> _What the exercise asks_: Print each entry in full, word for word, with no pictures in the result.

> _Extracted records_:
Content starts
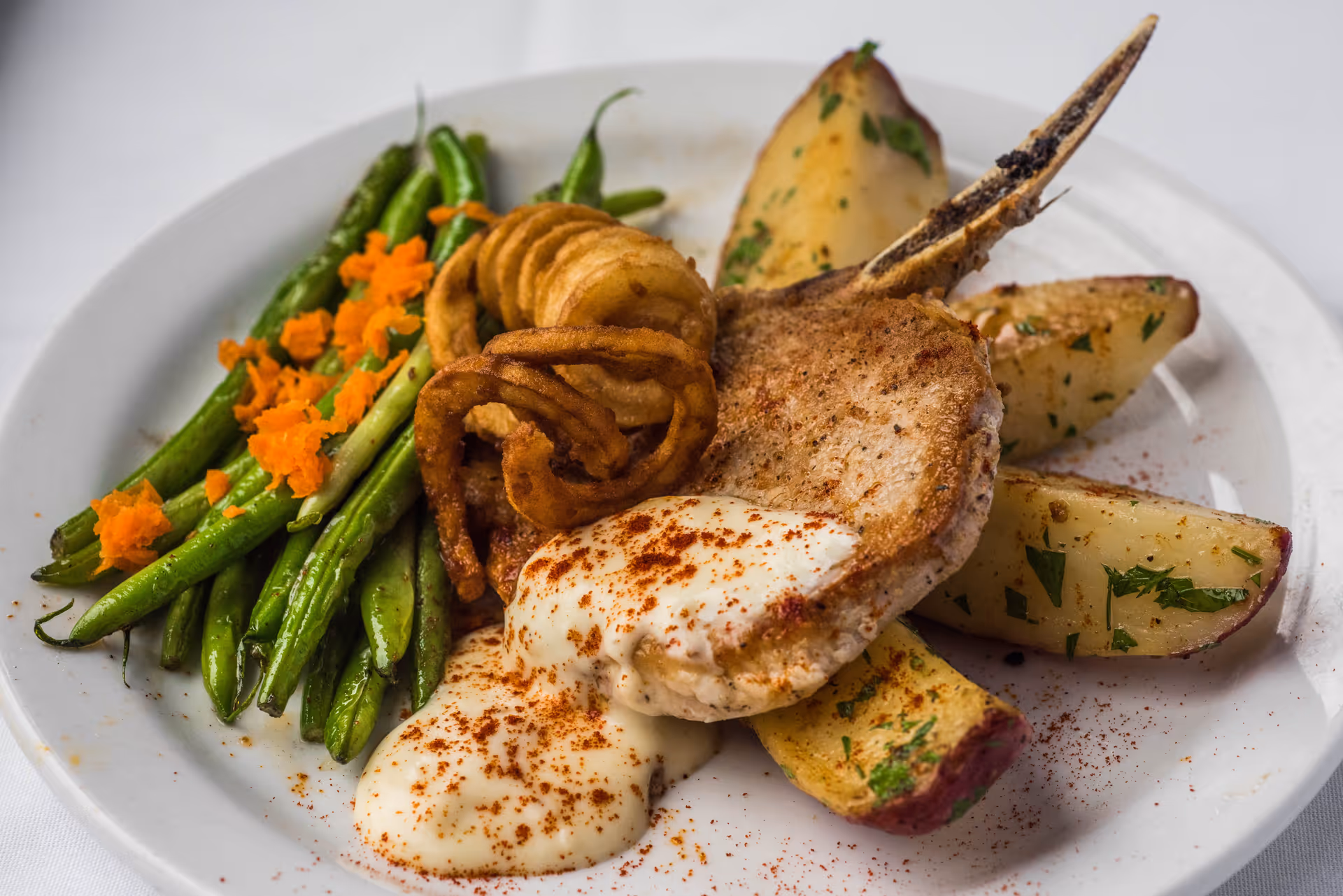 A plate of food featuring a cooked pork chop with a bone, topped with a creamy white sauce sprinkled with paprika, served with roasted potato wedges garnished with herbs, curly fried onion rings, and green beans topped with grated orange carrot.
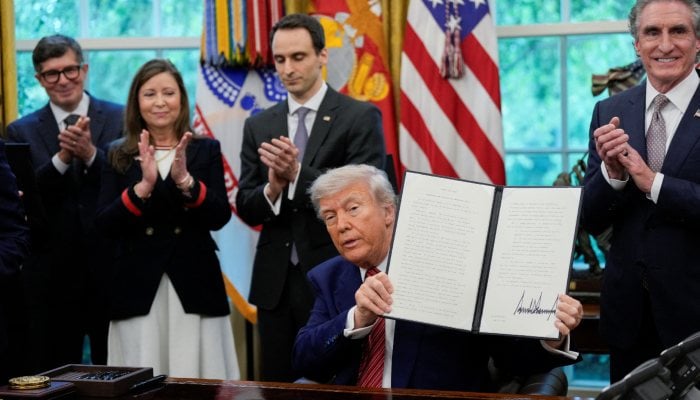 US President Donald Trump holds a signed executive order at the White House in Washington, DC, US, May 23, 2025. — Reuters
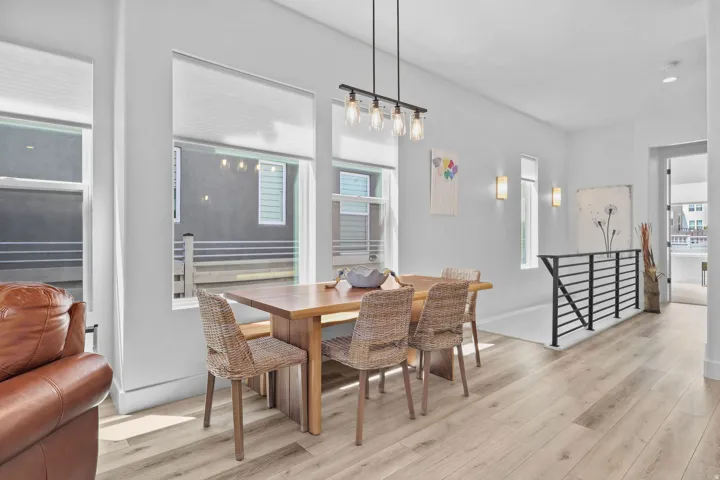 Spacious open-concept area featuring wood-finish flooring, large windows with roller shades, and a contemporary linear pendant light fixture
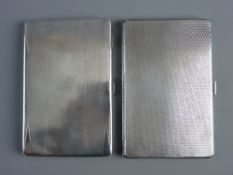 TWO GENT'S ENGINE TURNED SILVER CIGARETTE CASES, 6 troy ozs, Birmingham 1934 and 5.6 troy ozs,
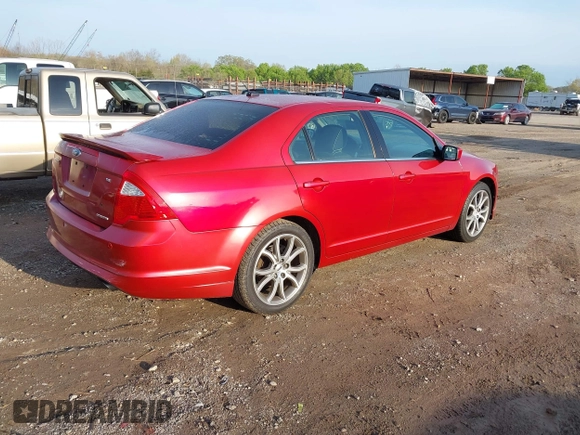 2011 Ford Fusion SE with VIN 3FAHP0HGXBR199597, listed as a IAAI auction lot 41950604 with 184,668 mi miles. Bid and sale history available at carsss.com. Image 4.
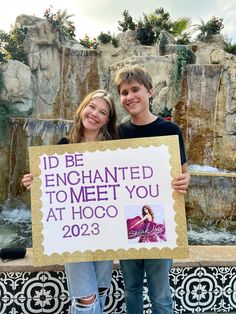 two people holding up a sign that says i'd be enchanted to meet you at hogo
Content ends
> _Completed task_:
 A plate of food featuring a cooked pork chop with a bone, topped with a creamy white sauce sprinkled with paprika, served with roasted potato wedges garnished with herbs, curly fried onion rings, and green beans topped with grated orange carrot.
 US President Donald Trump holds a signed executive order at the White House in Washington, DC, US, May 23, 2025. — Reuters
 Spacious open-concept area featuring wood-finish flooring, large windows with roller shades, and a contemporary linear pendant light fixture
 TWO GENT'S ENGINE TURNED SILVER CIGARETTE CASES, 6 troy ozs, Birmingham 1934 and 5.6 troy ozs,
 2011 Ford Fusion SE with VIN 3FAHP0HGXBR199597, listed as a IAAI auction lot 41950604 with 184,668 mi miles. Bid and sale history available at carsss.com. Image 4.
 two people holding up a sign that says i'd be enchanted to meet you at hogo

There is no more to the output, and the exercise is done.